July 15-24 marks the anniversary of the Apollo-Soyuz Test Project (ASTP), the famous “Handshake in Space.” ASTP was the first American-Soviet space flight, docking the last American Apollo spacecraft with the then-Soviet Soyuz spacecraft. This joint effort between the two major world players was based on an agreement signed in 1972, and it set a precedent for future joint efforts, such as the Shuttle-Mir Program and the International Space Station.
Astronaut Stafford (foreground) shakes hands with cosmonaut Leonov on July 17, 1975. The historic handshake kicked off approximately 47 hours of docked operations in orbit. The picture is reproduced from a frame of 16mm motion picture film. (Credit: NASA)
ASTP also provided an opportunity for American astronauts to systematically observe and photograph the Earth from outer space, thus providing scientists with new data for exploring and studying the Earth from orbit.
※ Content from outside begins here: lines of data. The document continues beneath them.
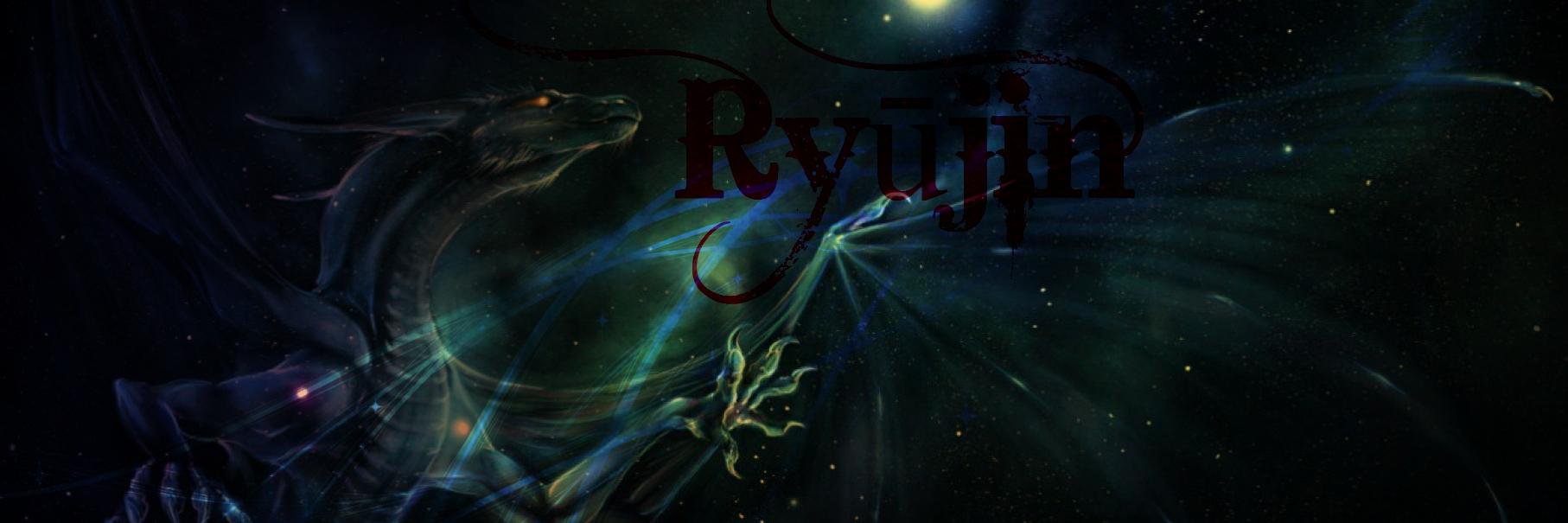 ryujin_suffers (@Ryujin_87) / Posts / X
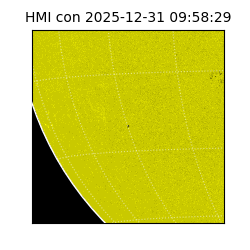 shmi - 2025-12-31T09:58:29.800000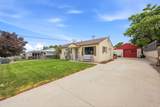 287 400 - Photo 18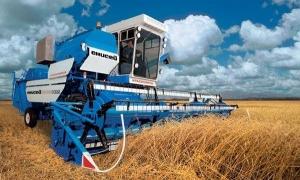 Україна, Росія та Казахстан створять зерновий пул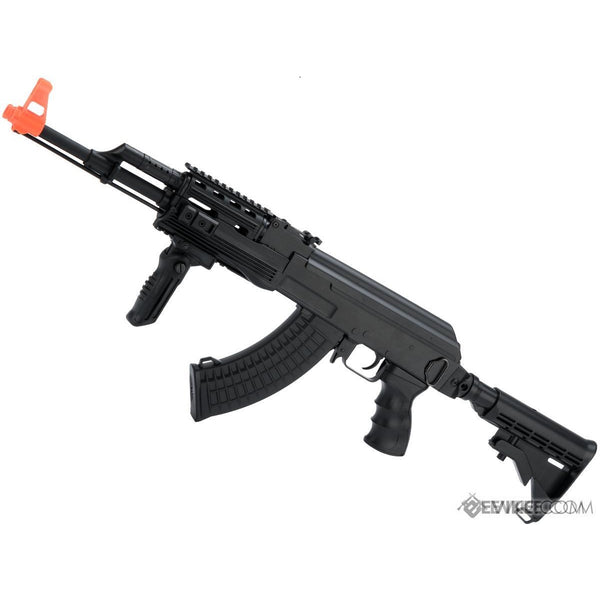 Cyma Sport AK-47 Tactical | Full Auto
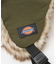 【DICKIES/ディッキーズ】EX FLIGHT CAP/フライトキャップ
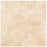 Ivory Cross Cut Travertine Tile Filled & Honed 3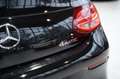 Mercedes-Benz C 400 Cabrio 4M AMG Line *19 *Designo *AirScarf Schwarz - thumbnail 17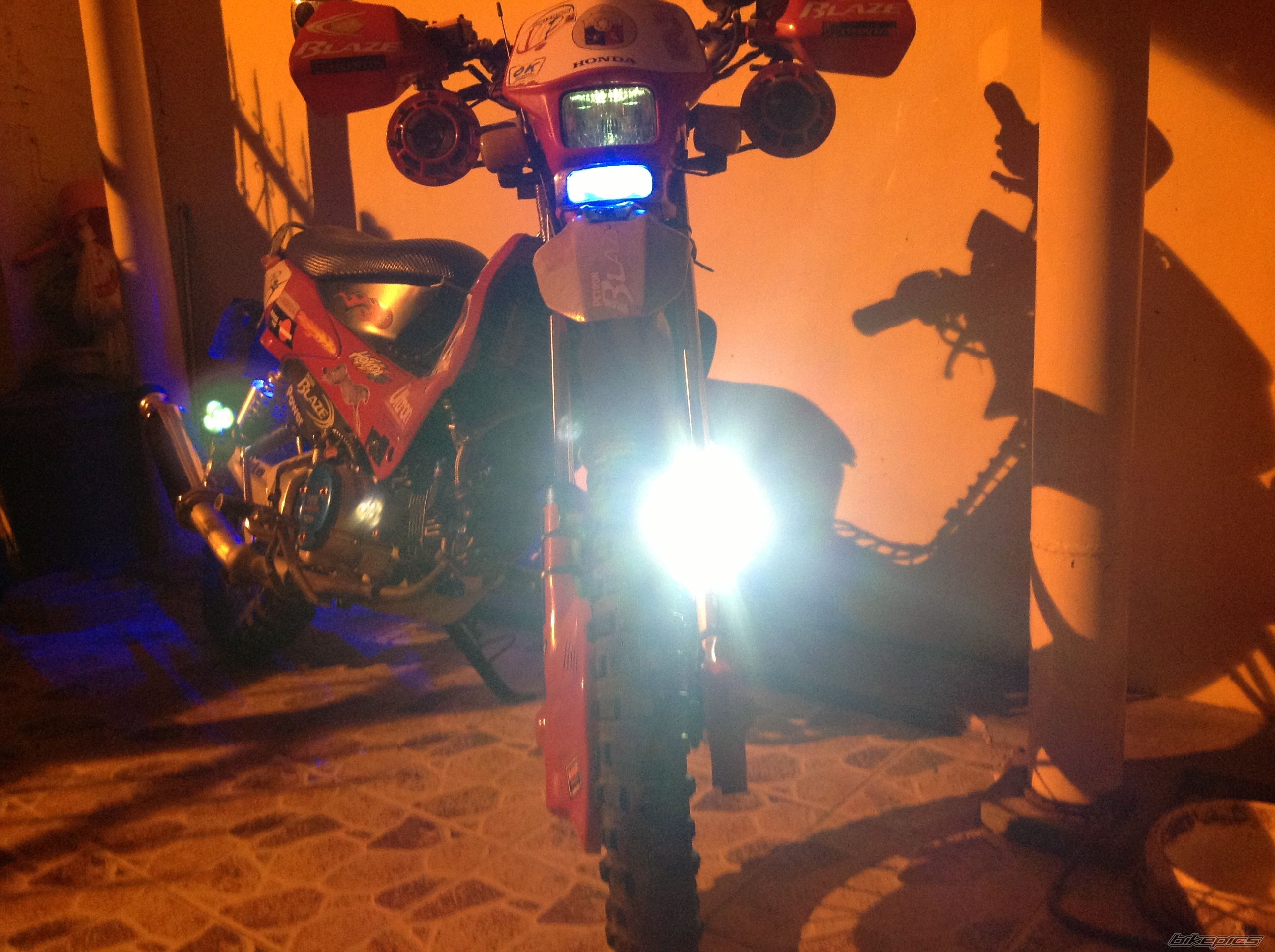 Bike Photo 2578630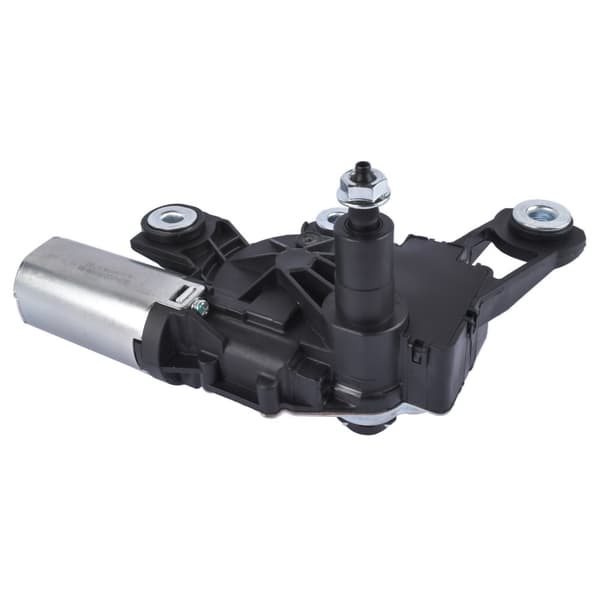 AP01 Bagrudevisker Motor, Kompatibel med Audi A3, A4, A6, Q5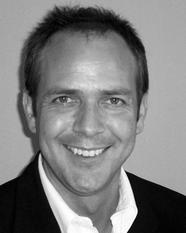 Thomas Alexander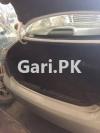 Honda City Vario 2006 For Sale in Karachi
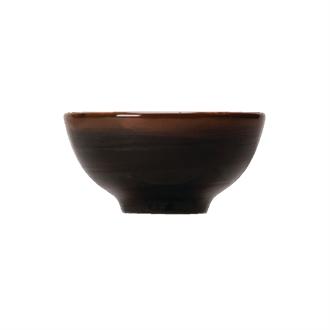 Steelite Koto Small Dishes 70mm (Pack of 12) - V167 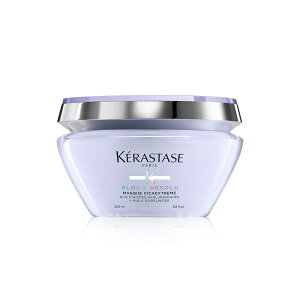 yԌ!SiP2`20{zPX^[[ BL uhAu\ }XN VJGNXg[ 200g y11/20 20:00`11/27 01:59zyubNtCf[z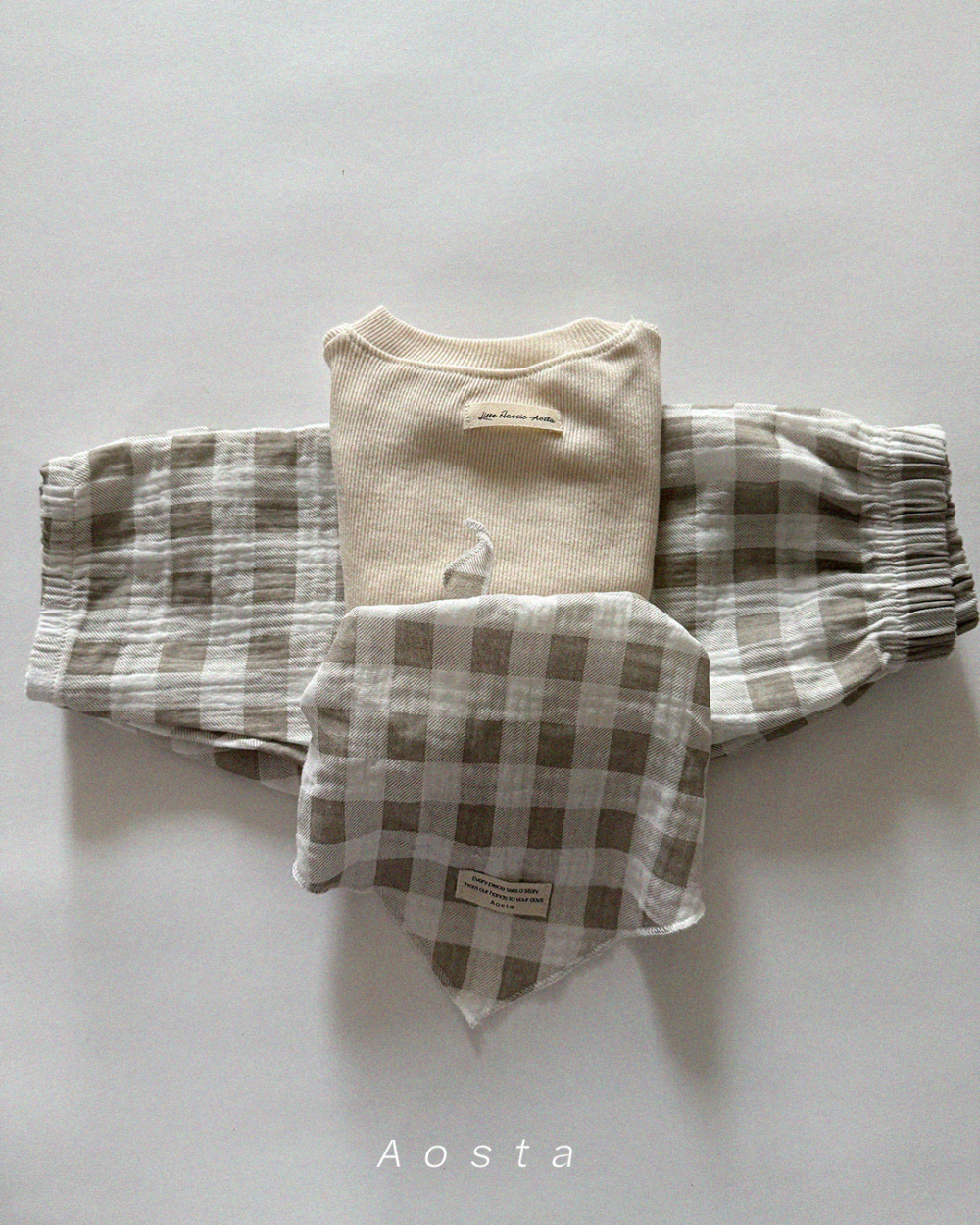 1768907459_5021329753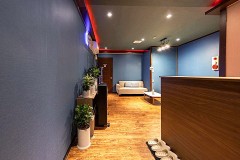 MZ테라피 (원주)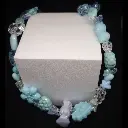 Mercao Libre (5).webp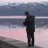 Claudio_639bb8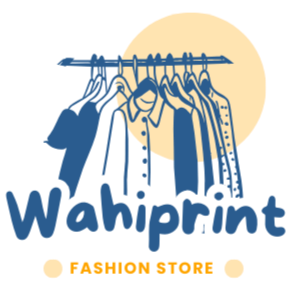 wahiprint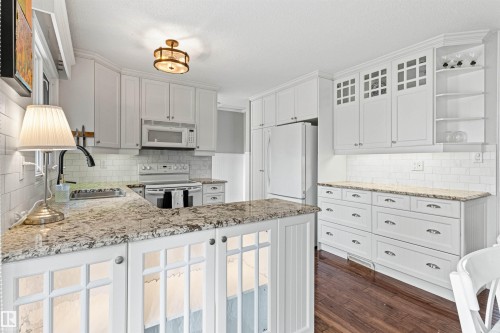 4112 111B Street Nw, Edmonton, AB 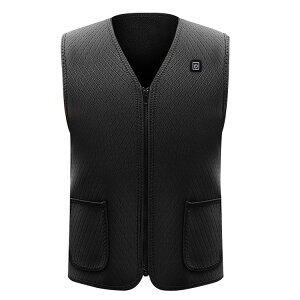 dMxXg 3ix 5̃q[^[ xXg g USBd q[gxXg h ΍ ʋΒʊw hEGA 􂦂 jp 傫TCY MxXg O hV̓ mj-012 COʔ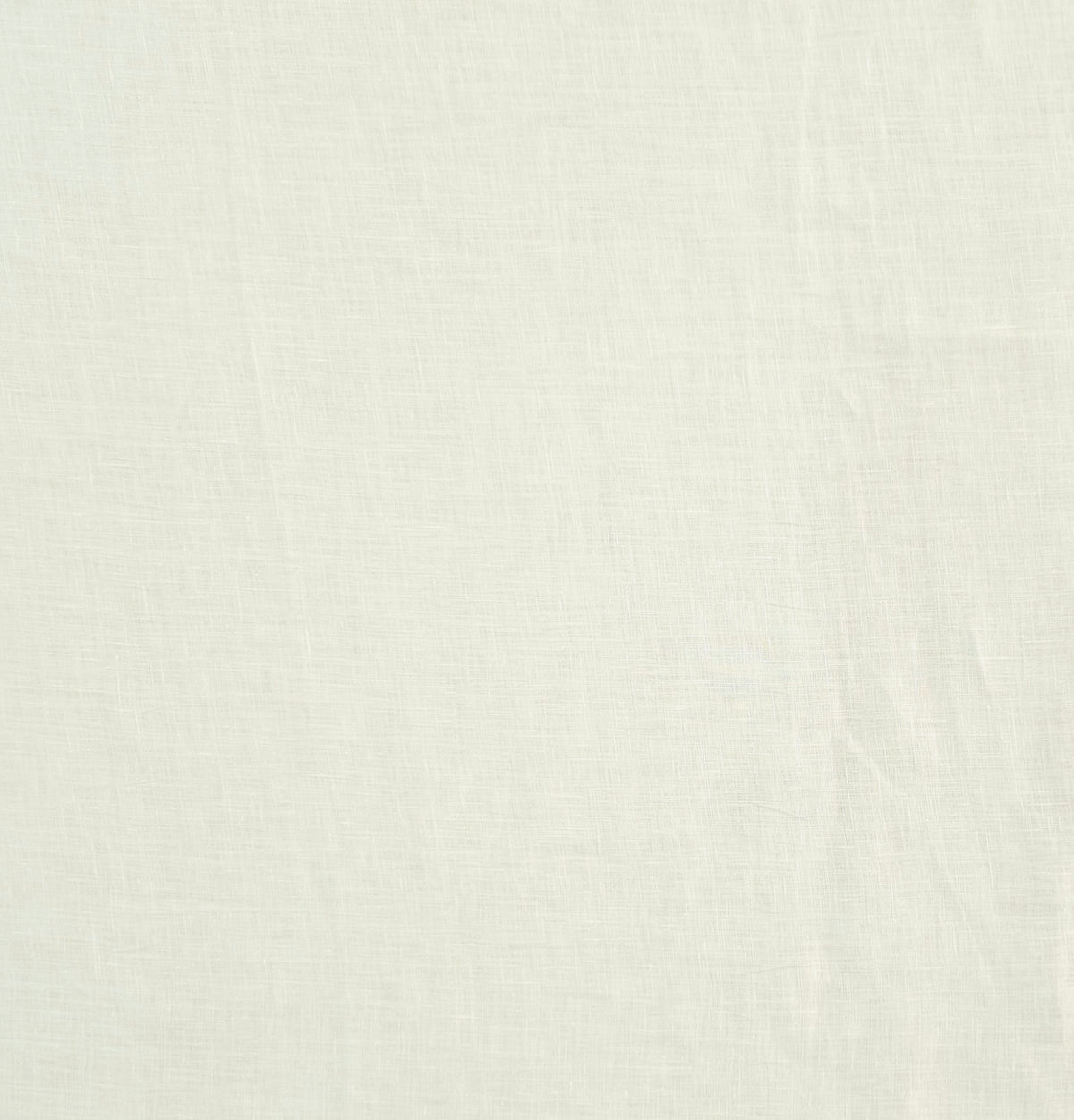 Euro Linen - Sand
What most people don’t know is that the National Air and Space Museum played an important role in this aspect of the mission. Dr. Farouk El-Baz was the founding Chairman of the Museum’s Center for Earth and Planetary Studies and he was the principal investigator for the Earth Observations and Photography Experiment on ASTP.
He was instrumental in getting this photogeology experiment included on the mission. Dr. El-Baz had previously trained Apollo astronauts to make visual observations while orbiting the Moon (you may have seen him portrayed in the HBO miniseries From the Earth to the Moon), and now the target was Earth. He worked with Research Assistants Delia Mitchell Warner and Sue McLafferty to plan flyovers that the astronauts performed in their T-38 aircraft so they could practice observing and photographing geologic features from above. While in space, the astronauts took some 2,000 pictures, about 750 of which were of good quality (e.g., not cloud-obscured).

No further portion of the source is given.